Teachers Insurance and Annuity Association of America et al.
August 28, 2025
RESPONSE OF THE CHIEF COUNSEL’S OFFICE
DIVISION OF INVESTMENT MANAGEMENT
Re: Teachers Insurance and Annuity Association of America (“TIAA”) and TIAA Separate Account VA-4 (“Post-Combination Account”)
Your letter dated August 28, 2025 requests our assurance that we will not recommend that the U.S. Securities and Exchange Commission (the “Commission”) take enforcement action if TIAA and the Post-Combination Account rely on certain exemptive orders issued by the Commission and staff no-action assurance[1] that the College Retirement Equities Fund (“CREF”), the companion organization to TIAA, and predecessor entity to the Post-Combination Account, has obtained and has been relying upon prior to the combination of TIAA and CREF and the merger of CREF with and into the Post-Combination Account of TIAA (“Existing Relief”).[2]
Based on the facts and representations set forth in your letter, we would not recommend that the Commission take enforcement action if TIAA or the Post-Combination Account rely on the Existing Relief. Because our position is based upon the representations made to us in your letter, any different facts or representations may require a different conclusion.[3]

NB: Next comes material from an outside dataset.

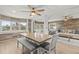Dining area with bench seating and view to living room and large windows at 14912 Brookridge Blvd, Brooksville, FL 34613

The statements in this letter represent the views of the Division of Investment Management. This letter is not a rule, regulation or statement of the Commission, and the Commission has neither approved nor disapproved its content. This no-action letter, like all staff guidance, has no legal force or effect; it does not alter or amend applicable law, and it creates no new or additional obligations for any person.
Erin Loomis Moore
Senior Counsel
[1] CREF, et al., Investment Company Act Release Nos. 17861 (November 20, 1990) (notice) and 17906 (December 19, 1990) (order); CREF and TIAA-CREF Individual & Institutional Services, Inc., Investment Company Act Release Nos. 19591 (July 23, 1993) (notice) and 19645 (August 19, 1993) (order); CREF and TIAA-CREF Investment Management, LLC, Investment Company Act Release Nos. 31092 (June 23, 2014) (notice) and 31204 (August 11, 2014) (order); and CREF SEC Staff No-Action Letter (April 3, 2009).

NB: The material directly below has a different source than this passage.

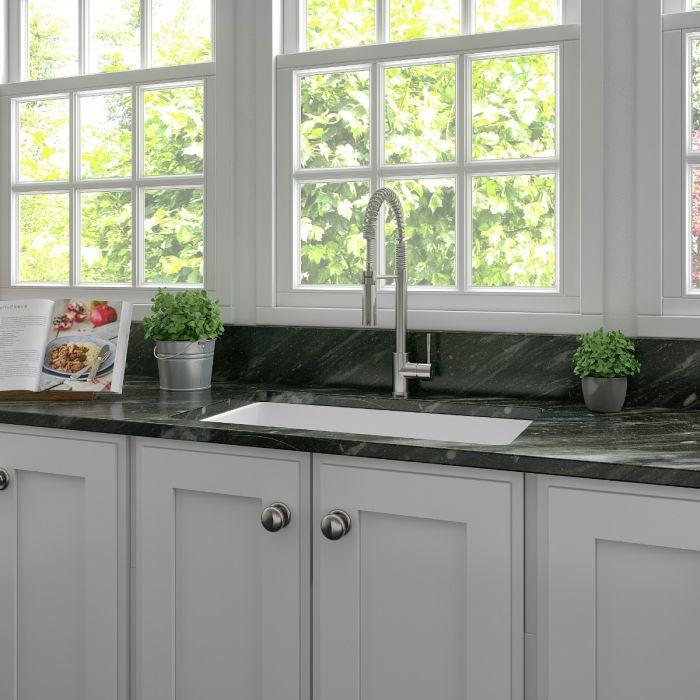 Installed single-bowl white matte fireclay kitchen sink with faucet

[2] You state in your letter that CREF and the Post-Combination Account plan to rely on the exemption in Rule 17a-8 under the Investment Company Act of 1940 to the extent the Combination (as defined in your letter) constitutes a transaction subject to Section 17(a) of the Investment Company Act of 1940. You have not requested, and we are not providing, any no-action assurance with respect to your reliance on Rule 17a-8.
[3] The Division of Investment Management generally permits third parties to rely on no-action or interpretive letters to the extent that the third party’s facts and circumstances are substantially similar to those described in the underlying request for a no-action or interpretive letter. See Informal Guidance Program for Small Entities, Investment Company Act Release No. 22587 (March 27, 1997), n. 20. In light of the very fact-specific nature of this request, however, the position expressed in this letter applies only to the entities seeking relief, and no other entity may rely on this position.